A pregnant patient would like to know which foods, other than dairy products, contain the most calcium. Which food group would the nurse recommend?
- A. Legumes
- B. Lean meat
- C. Whole grains
- D. Yellow vegetables
Correct Answer: A
Rationale: The correct answer is A: Legumes. Legumes such as chickpeas, lentils, and beans are rich sources of calcium. They provide a plant-based alternative for calcium intake. Legumes are also high in fiber, protein, and other essential nutrients beneficial for pregnancy. Lean meat (B) and yellow vegetables (D) are not significant sources of calcium. While whole grains (C) offer some calcium, they are not as high in calcium content as legumes. Therefore, for a pregnant patient looking to increase calcium intake without relying on dairy products, legumes are the most recommended food group.

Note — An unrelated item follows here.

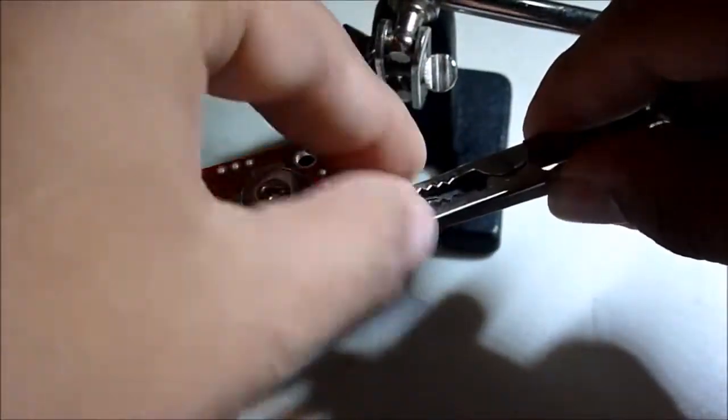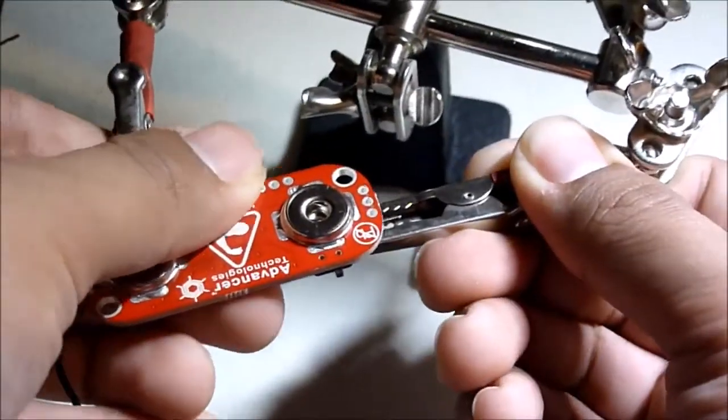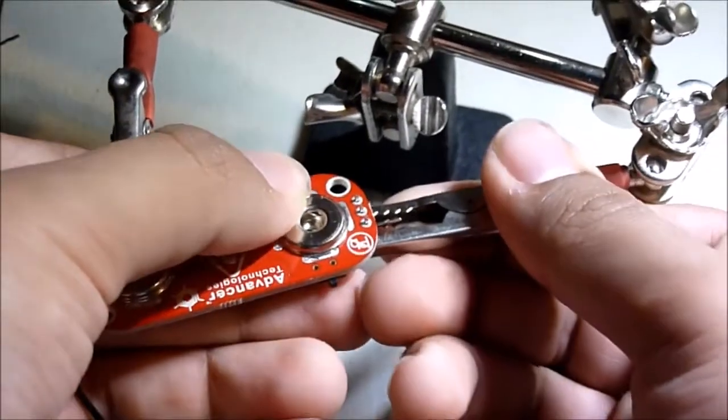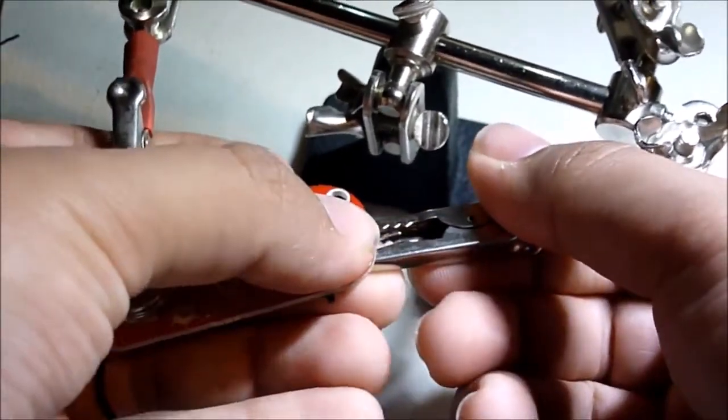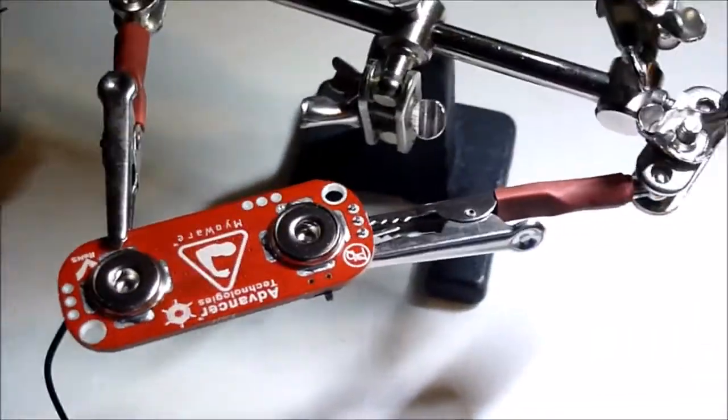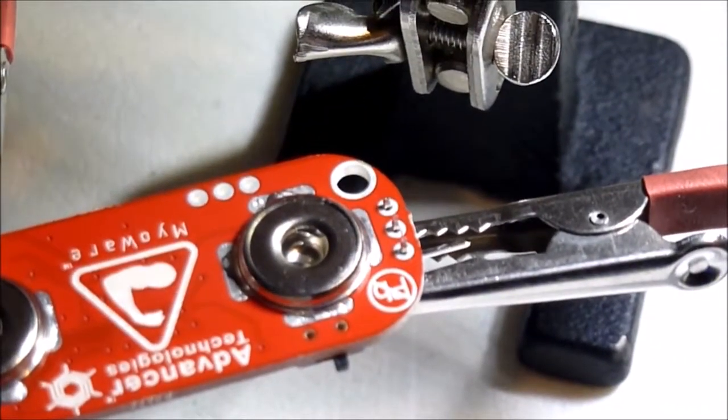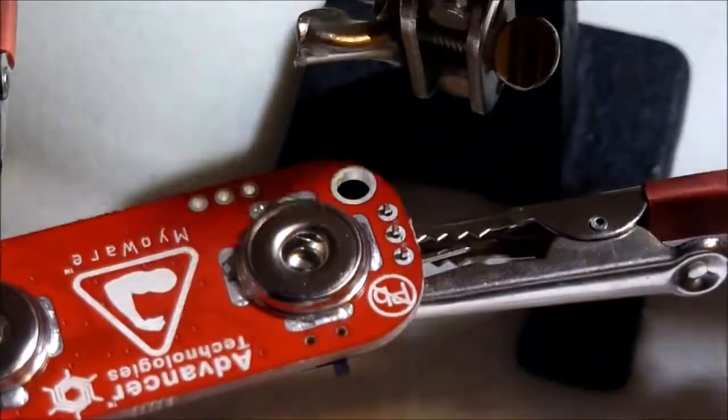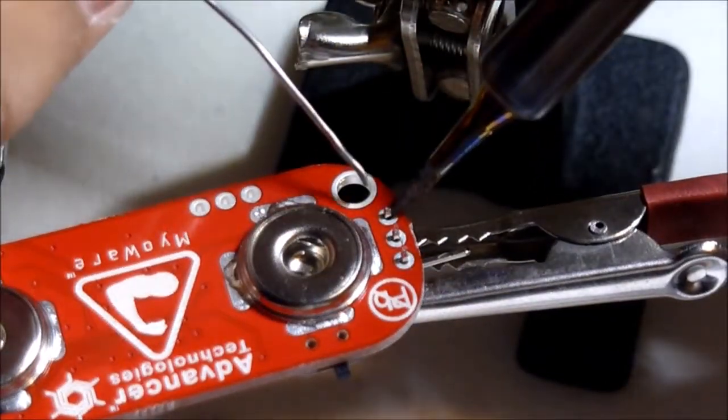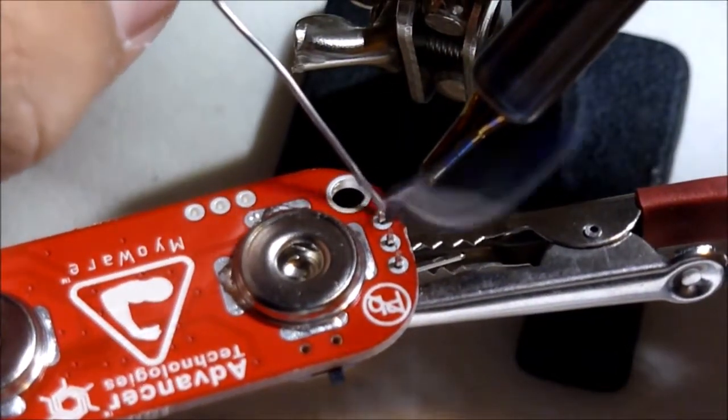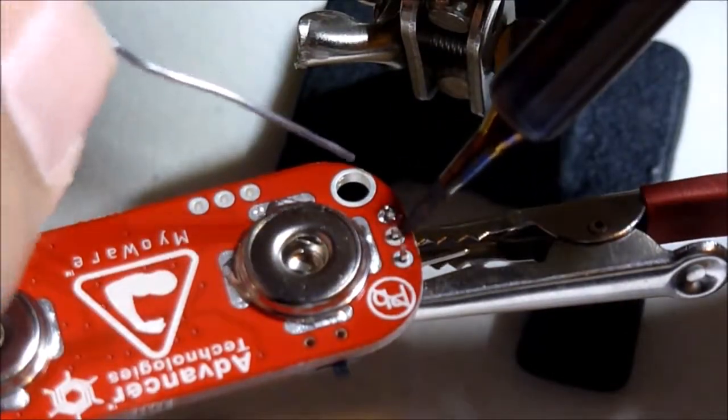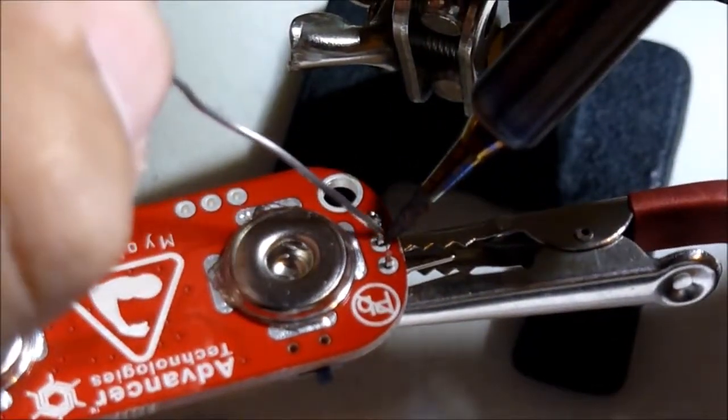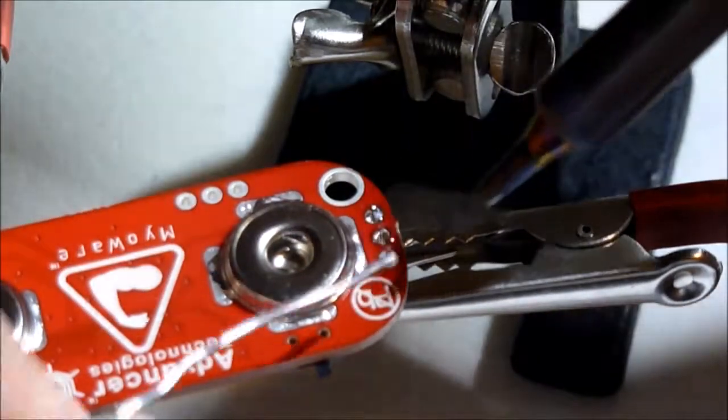Now I'm going to solder the header pins onto the Myoware sensor.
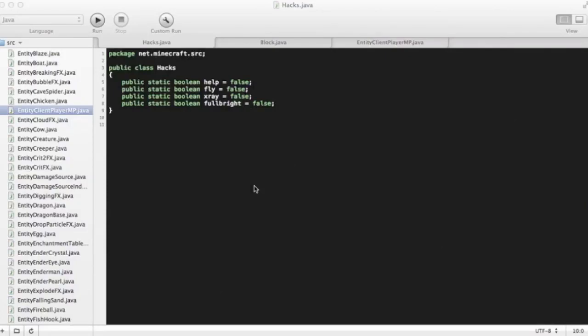Hello, I'm Zach Perkle, and today I'm going to be showing you how to add X-Ray and Fulbright to your client.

The nurse's assessment of a preterm infant reveals decreased muscle tone, signs of respiratory difficulty, irritability, and mottled, cool skin. Which intervention should the nurse implement first?
- A. Position radiant warmer over the crib
- B. Assess the infants blood glucose level
- C. Nipple feed 1 ounce 1% glucose in water
- D. Place the infant in side-lying position
Correct Answer: A
Rationale: A radiant warmer (A) helps stabilize the infant's temperature and provides immediate warmth.